What you have to do: Copy out exactly each line from the line with "A Chinese blue" through the last line of the material below.

Material provided:

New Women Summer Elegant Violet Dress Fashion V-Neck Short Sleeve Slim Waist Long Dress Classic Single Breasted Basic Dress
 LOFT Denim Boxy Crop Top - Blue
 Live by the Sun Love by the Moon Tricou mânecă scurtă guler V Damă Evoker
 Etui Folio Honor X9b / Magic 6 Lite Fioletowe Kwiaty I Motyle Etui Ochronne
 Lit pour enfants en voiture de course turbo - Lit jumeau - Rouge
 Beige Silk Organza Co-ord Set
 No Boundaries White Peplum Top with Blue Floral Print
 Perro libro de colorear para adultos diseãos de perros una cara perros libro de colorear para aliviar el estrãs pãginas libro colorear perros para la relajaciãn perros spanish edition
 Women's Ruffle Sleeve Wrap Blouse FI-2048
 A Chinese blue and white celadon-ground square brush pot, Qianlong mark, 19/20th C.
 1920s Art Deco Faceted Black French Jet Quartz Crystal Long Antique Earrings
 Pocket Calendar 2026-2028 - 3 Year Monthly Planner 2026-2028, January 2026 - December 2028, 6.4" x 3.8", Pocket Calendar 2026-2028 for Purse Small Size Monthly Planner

Exercise solution:
 A Chinese blue and white celadon-ground square brush pot, Qianlong mark, 19/20th C.
 1920s Art Deco Faceted Black French Jet Quartz Crystal Long Antique Earrings
 Pocket Calendar 2026-2028 - 3 Year Monthly Planner 2026-2028, January 2026 - December 2028, 6.4" x 3.8", Pocket Calendar 2026-2028 for Purse Small Size Monthly Planner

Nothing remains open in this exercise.